H1AND1 wrote:nixluva wrote:Phil wasn't in the league and the Spurs, Bulls and Pacers ran a lot of Triangle. It's not necessarily true that the Triangle will leave when he goes! Why would that happen when the coaches, Players and even the D League team would have been immersed in the Triangle? You would think at least some of it would be retained since the team is being built for the Triangle!Pop went back to an old school dominant style because of Aldridge. This team will also have bigs that need a more traditional style. It does depend on the team being successful tho. If they win I believe it stays.
Up to now I've preached patience with Phil because I thought perhaps he was smart enough to step back a bit. And installing a Dolan-less culture where we keep picks and don't take on stiffs. I mean, what Knicks fan doesn't want to be on board with that?

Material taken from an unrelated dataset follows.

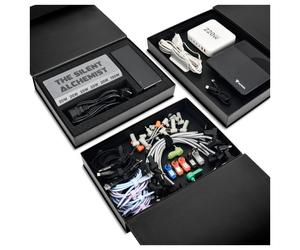 myVolts Silent Alchemist Kit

But Here's my issue: I keep hearing the Spurs, Pacers, GSW, etc play the triangle sometimes as if it's a huge part of what they do. Except that's such a misleading statement in my eyes. They have NOT been running the pure form of the triangle. Just because something takes some inspiration from parts of the triangle or that uses some things here and there is not the same as "running the triangle". And that's the crux. Not even triangle guru himself Phil Jackson can bring himself to let a coach run something besides the pure form of the triangle or allow him to try and evolve the offense into something more "modern". To me that is the mark of an ideologically rigid thinker. An ideologue. And that scares me.
Who knows maybe Phil will forget about Rambis, a universally acknowledged BAD coach and hire a smart coach who can take the triangle and TRULY modify it for the modern age. I'm not holding my breath though. Hiring Rambis means Jax is stuck inside a box.
thats one take. Another take is simply the Knicks and the roster were not ready for different versions since they didn't run the first one right, and when Fisher wanted to do it his way rather than what Phil envisioned he was fired.
When you are building a foundation that is exactly the time for rigid thinking. First you play the system right, then you look to add or morph.
When you are learning algebra or calculus do teachers give you 4 or 5 different ways to tackle problems? No. You learn by the book first. Then you can think outside the box when you have that foundation built.
Rigid thinking? Turn the question around. How do you evaluate a system and the players in it until you run it correctly? I mean if the goal is just try to get some talent, throw a coach at it and hope the system sticks than you have what we have had since Ewing and JVG were here. A revolving carousel with no continuity.
I actually find him being rigid refreshing. We have never had a basketball person run things and say "this is how its going to be. This is how we are going to play."